The mitral valve, so named because of its resemblance to a bishop's miter, is the heart valve that prevents the backflow of blood from the left ventricle into the left atrium. It is composed of two leaflets (one anterior, one posterior) that close when the left ventricle contracts.

Each leaflet is composed of three layers of tissue: the atrialis, fibrosa, and spongiosa. Patients with classic mitral valve prolapse have excess connective tissue that thickens the spongiosa and separates collagen bundles in the fibrosa. This weakens the leaflets and adjacent tissue, resulting in increased leaflet area and elongation of the chordae tendineae. Elongation of the chordae often causes rupture, and is commonly found in the chordae tendineae attached to the posterior leaflet. Advanced lesions — also commonly involving the posterior leaflet — lead to leaflet folding, inversion, and displacement toward the left atrium.

History

For many years, mitral valve prolapse was a poorly understood anomaly associated with a wide variety of both related and seemingly unrelated signs and symptoms, including late systolic murmurs, inexplicable panic attacks, and polythelia (extra nipples). Recent studies suggest that these symptoms were incorrectly linked to MVP because the disorder was simply over-diagnosed at the time. Continuously-evolving criteria for diagnosis of MVP with echocardiography made proper diagnosis difficult, and hence many subjects without MVP were included in studies of the disorder and its prevalence. In fact, some modern studies report that as many as 55% of the population would be diagnosed with MVP if older, less reliable methods of MVP diagnosis — notably M-mode echocardiography — were used today. The term mitral valve prolapse was coined by Dr. Michael Criley in 1966 and gained acceptance over the other descriptor of "billowing" of the mitral valve (as described by Dr. Barlow).

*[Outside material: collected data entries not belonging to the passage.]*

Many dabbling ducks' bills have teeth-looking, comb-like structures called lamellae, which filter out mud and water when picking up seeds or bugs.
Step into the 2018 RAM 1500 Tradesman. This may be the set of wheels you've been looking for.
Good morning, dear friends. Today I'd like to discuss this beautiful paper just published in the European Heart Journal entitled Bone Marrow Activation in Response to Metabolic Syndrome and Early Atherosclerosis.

In recent years, new criteria have been proposed as an objective measure for diagnosis of MVP using more reliable two- and three-dimensional echocardiography. The disorder has also been classified into a number of subtypes with respect to these criteria.

Subtypes

Prolapsed mitral valves are classified into several subtypes, based on leaflet thickness, concavity, and type of connection to the mitral annulus. Subtypes can be described as classic, nonclassic, symmetric, asymmetric, flail, or non-flail.

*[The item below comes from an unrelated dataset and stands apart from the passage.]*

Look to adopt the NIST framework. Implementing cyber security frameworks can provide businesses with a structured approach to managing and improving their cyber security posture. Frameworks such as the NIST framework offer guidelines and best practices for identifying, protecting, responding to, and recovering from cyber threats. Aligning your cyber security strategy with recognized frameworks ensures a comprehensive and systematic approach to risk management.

Note: all measurments below, refer to adult patients and applying them to children may be misleading

Classic vs. nonclassic

Prolapse occurs when the mitral valve leaflets are displaced more than 2 mm above the mitral annulus high points. The condition can be further divided into classic and nonclassic subtypes based on the thickness of the mitral valve leaflets: up to 5 mm is considered nonclassic, while anything beyond 5 mm is considered classic MVP.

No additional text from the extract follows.